To access a MaxCompute project with the schema feature (three-layer model) enabled, also add the following parameter. For more information, see Spark Connector and Schema operations.

spark.sql.catalog.odps.enableNamespaceSchema true

Create a SQL session

  1. Log on to the EMR console.

  2. In the left-side navigation pane, choose EMR Serverless > Spark.

  3. Click the name of your workspace.

  4. In the left-side navigation pane, choose Operation Center > Sessions.

  5. On the SQL Session tab, click Create SQL Session.

  6. Enter a name (for example, mc_sql_compute), paste the Spark configuration above into the Spark Configuration field, and click Create.

Create a Notebook session

  1. Log on to the EMR console.

  2. In the left-side navigation pane, choose EMR Serverless > Spark.

  3. Click the name of your workspace.

  4. In the left-side navigation pane, choose Operation Center > Sessions.

  5. Click the Notebook Sessions tab, then click Create Notebook Session.

  6. Enter a name (for example, mc_notebook_compute), paste the Spark configuration above into the Spark Configuration field, and click Create.

For more information about session management, see Session Manager.

Step 2: Read and write data

Use SparkSQL

  1. On the EMR Serverless Spark page, click Data Development in the left navigation pane.

  2. On the Development tab, click the image icon.

  3. In the dialog box, enter a name such as mc_load_task, keep the type as SparkSQL, and click OK.

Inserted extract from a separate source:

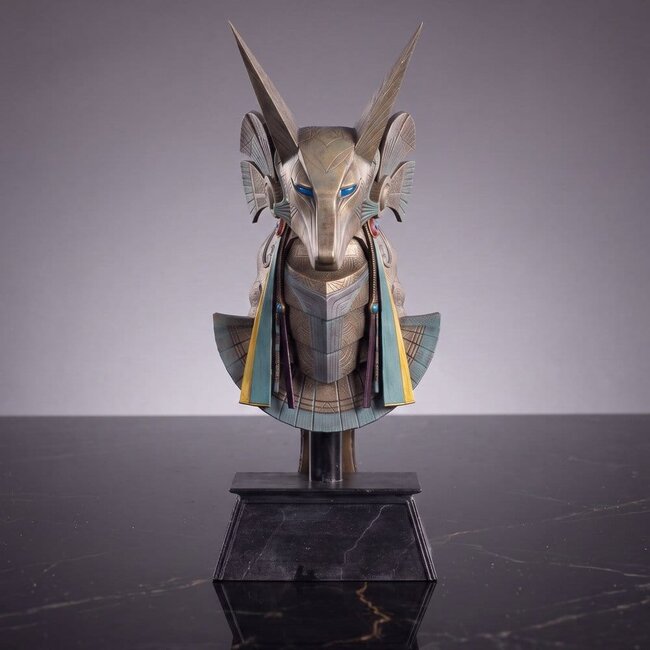 Stargate Desktop-Replika-Helm, Replika des Schakalwächterhelms, Anubis, 15 cm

  4. Paste the following code into the new tab:

    CREATE TABLE odps.default.mc_table (name STRING, num BIGINT);
    
    INSERT INTO odps.default.mc_table (name, num) VALUES ('Alice', 100),('Bob', 200);
    
    SELECT * FROM odps.default.mc_table;
  5. From the database drop-down list, select a database. From the Compute drop-down list, select the SQL session you created in Step 1 (for example, mc_sql_compute).

  6. Click Run. After the job completes, results appear on the Execution Results tab.

    image

  7. To verify, open the MaxCompute console, navigate to your project, and click the Tables tab. The mc_table table should appear.

    image

Use a Notebook

  1. On the EMR Serverless Spark page, click Data Development in the left navigation pane.

  2. On the Development tab, click the image icon.

  3. In the dialog box, enter a name such as mc_load_task, select Interactive Development > Notebook for type, and click OK.

  4. From the session drop-down list, select the Notebook session you created in Step 1 (for example, mc_notebook_compute).

  5. Run the following code cells in sequence: Create a table:

    spark.sql("""
    CREATE TABLE odps.default.mc_table (name STRING, num BIGINT);
    """)

    Insert data:

    spark.sql("INSERT INTO odps.default.mc_table (name, num) VALUES ('Alice', 100),('Bob', 200);")

    Query data:

    spark.sql("SELECT * FROM odps.default.mc_table;").show()

    Results appear on the Execution Results tab.

    image

  6. To verify, open the MaxCompute console, navigate to your project, and click the Tables tab. The mc_table table should appear.

    image

FAQ

Why do I get an "Access Denied" error when querying a MaxCompute table?

Symptom:

Access Denied - Not allowed to use storage api service on current endpoint

Cause: This error occurs because the current user is not authorized to use the MaxCompute Storage API service, or the endpoint being used does not support the Storage API feature.

Solution:

  1. In the MaxCompute console, go to Tenants > Tenant Property and check whether open storage is enabled. If not, see Enable open storage.

  2. If open storage is enabled, switch to an endpoint that supports the Storage API. See Supported regions.

What's next

The examples in this topic use SparkSQL and Notebook jobs. To use other job types (batch or streaming), see Develop a batch or streaming job.